Nous pouvons même aller plus loin en faisant une analyse plus approfondie. Prenons l’équipe de Lugano et ses trois joueurs : Simone Spinicchia, Csaba Molnar et Philip Merz. L’équipe tessinoise est réputée pour jouer dans des conditions atypiques avec des tables SAN-EI (seule équipe à utiliser ces tables) et balles XUSHAOFA***. Réussir un service court devient une véritable emprise. Mais que disent les bilans de ces trois joueurs ? Spinicchia a remporté 94.7% de ses matchs à domicile (D) contre « seulement » 50% à l’extérieur (E). Molnar a un bilan (D/E) de 75%/30% et Merz de 46.7%/25%. De toute la ligue, Spinicchia et Molnar sont les deux joueurs qui ont le différentiel le plus élevé entre les matchs à domicile et à l’extérieur. De ces chiffres, nous pouvons en tirer les conclusions suivantes :
- Lugano est une forteresse quasi imprenable
- L’aspect environnemental joue un rôle important, encore plus lorsque celui-ci est très différent (ex : tables SAN-EI)
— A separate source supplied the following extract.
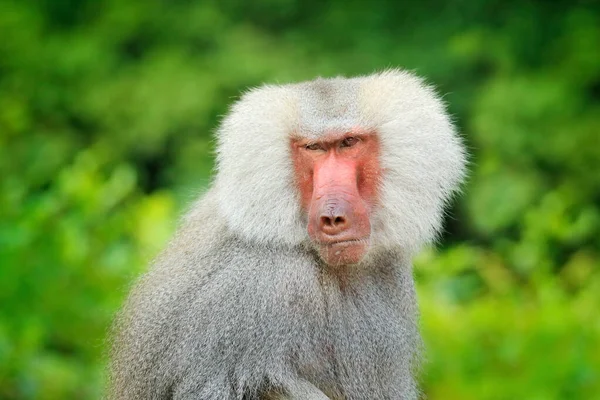 Hamadryas Baboon Papio Hamadryas 来自非洲的Etiopia 野生哺乳动物在自然界的栖息地 猴子在绿色的植被中吃水果 中部非洲的野生生物性质 — 图库照片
- A contrario, Lugano se retrouve en difficulté à l’extérieur
Chez les dames, en revanche, le constat montre une parité presque parfaite. 9 joueuses ont un meilleur bilan à domicile, 8 joueuses ont un bilan inverse et une joueuse a un bilan neutre. Les femmes seraient-elles moins sensibles aux facteurs environnementaux que les hommes ? Sont-elles, au contraire, plus impactées par la pression à domicile ? Ou bien s’agit-il d’un simple hasard ? Ce résultat surprenant nous a poussé à aller voir celui de la saison 2018-2019. Sur 20 joueuses, 13 ont un meilleur bilan à domicile, 5 un meilleur bilan à l’extérieur et 2 un bilan neutre. Ainsi, le résultat de l’année précédente semble concorder avec l’hypothèse de l’avantage à domicile. Cependant, la tendance est nettement moins marquée que chez les hommes.
Dès lors, la question suivante se pose : l’avantage à domicile est-il toujours autant important chez les hommes ? Lors de la saison 2018-2019, 17 joueurs ont eu un meilleur bilan à domicile, 10 à l’extérieur et un bilan neutre. Les résultats sont moins impressionnants que pour la saison 2019-2020, mais la tendance est la même. Une autre affirmation se confirme également à la vue de la saison 2018-2019. Quel est le joueur avec le plus grand différentiel entre les matchs à domicile et à l’extérieur ? Csaba Molnar, joueur de Lugano. Il avait tout simplement gagné tous ses matchs à domicile (15/15) alors qu’il en avait remporté un peu plus de la moitié à l’extérieur (10/19). Une preuve supplémentaire de l’importance des aspects environnementaux.
Nous pouvons donc raisonnablement conclure que l’avantage de jouer à domicile est bel et bien une réalité au tennis de table, que ce soit chez les femmes ou les hommes. Cet avantage n’est probablement pas toujours aussi important que lors de la saison 2019-2020 chez les hommes, mais il n’en demeure pas moins vrai. Nous avons vu que les aspects physiologiques et psychologiques ont une part importante dans ce processus, mais il ne faut pas oublier les facteurs environnementaux. En ce sens, la stratégie d’un club peut revêtir une importance que l’on aurait trop tendance à oublier.